Ring-fencing the NHS and schools is no longer viable

The chancellor went on the Today programme this morning to trumpet his success in getting seven government departments to agree on their budgets for 2015-16 as part of the Spending Review that he will announce on 26 June. It is reported that they have all agreed to cuts of between 8 and 10 per cent.

By Tony Dolphin, chief economist at the IPPR

The chancellor went on the Today programme this morning to trumpet his success in getting seven government departments to agree on their budgets for 2015-16 as part of the Spending Review that he will announce on 26 June. It is reported that they have all agreed to cuts of between 8 and 10 per cent.

However, he has gone for the easy targets first.

Three of the seven departments that have settled (HM Treasury, the Foreign Office and the Cabinet Office) have only small, largely administrative budgets. So, while the budgets of the other four (Justice, Communities and Local Government, Energy and Climate Change and the Northern Ireland Office) are more substantial, so far he has only secured around 20 per cent of the £11.5 billion in cuts that he needs if he is to stick to the total departmental spending target set out in the March budget.

Achieving the remaining 80 per cent of the cuts is likely to be a lot harder. The big spending departments – Defence, Business and the Home Office – are all headed by secretaries of state who have been prepared to use the media to highlight the possible effects of further big cuts in their budgets. They represent the so-called ‘Union of Ministers’.

There have been reports that one secretary of state is willing to offer up more cuts. Iain Duncan-Smith is said to be willing to find an additional £3 billion in cuts to the welfare budget, by restricting housing benefit for those aged under 25 and welfare payments to those with three or more children, so that the Home Office and Ministry of Defence budgets can be protected.

George Osborne would probably like to take him up on this offer because he is thought to be planning to argue at the next election that only the Conservatives would be tough on welfare in order to protect departmental spending, while Labour, ‘the party of welfare’, would have either to make bigger cuts to departmental spending or increase taxes. But he is stymied by the Liberal Democrats’ determination not to agree further cuts in working age benefits.

However, he has bigger constraints than those placed on him by the Liberal Democrats, and these are of his own – and the prime minister’s – making, in particular the decisions to ring-fence welfare spending on older people, the NHS, schools and international development.

Restricting the winter fuel allowance and free bus passes to only the poorest pensioners, a move that is often talked about but was ruled out by the prime minister in the pre-election debates, would make small but significant savings. To maintain the ‘triple-lock’, which guarantees that the state pension will increase by whichever is highest out of price inflation, wage inflation or 2.5 per cent, is expensive. So means testing other pensioner benefits which are currently universal for older people, feels like a reasonable compromise.

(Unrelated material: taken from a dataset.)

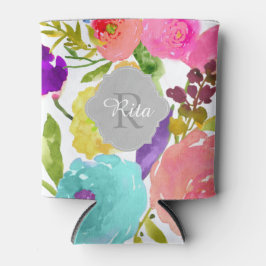 PixDezines Floral Waterverf/DIY achtergrond Blikjeskoeler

The International Development budget is not large in the context of overall public spending (£10.7 billion in 2013-14 out of a total of £720 billion). Cutting it back would involve reneging on the country’s commitment to increase its aid spending to 0.7 per cent of GDP and hit the poorest people in the world, without making much of a contribution to the needed spending cuts.

The same is not true of the NHS and schools budgets, which by 2014-15 will account for around 43 per cent of departmental spending. If they could be cut, the pressure on other budgets (especially social care and early years) would be far less.

Yet, even continuing with a ‘flat real’ settlement will take the NHS into truly unchartered territory, given its history of long-run average real increases of 4 per cent a year. By 2017, the NHS is very likely to have had six years without a real spending increase. But to spend more in the short term would imply a scale of cuts to other public services that is completely untenable.

Against such a backdrop, the NHS requires certainty and the permission to take some unpopular decisions. A 10-year settlement for the NHS and social care, in return for a reform plan would give health professionals and managers the space and freedom from political interference they need to make far-reaching cost savings.

By the time these cuts are fully implemented, on the government’s current approach, other departments could have seen their budgets cut in real terms by one-third. This represents a massive reallocation of government spending to the NHS and schools; the sort of reallocation that should follow a systematic review of spending that weighs up the benefits of spending on the NHS and schools against other spending.

It should not emerge as a by-product of promises made at a time when the full extent of those spending cuts was neither appreciated, nor debate.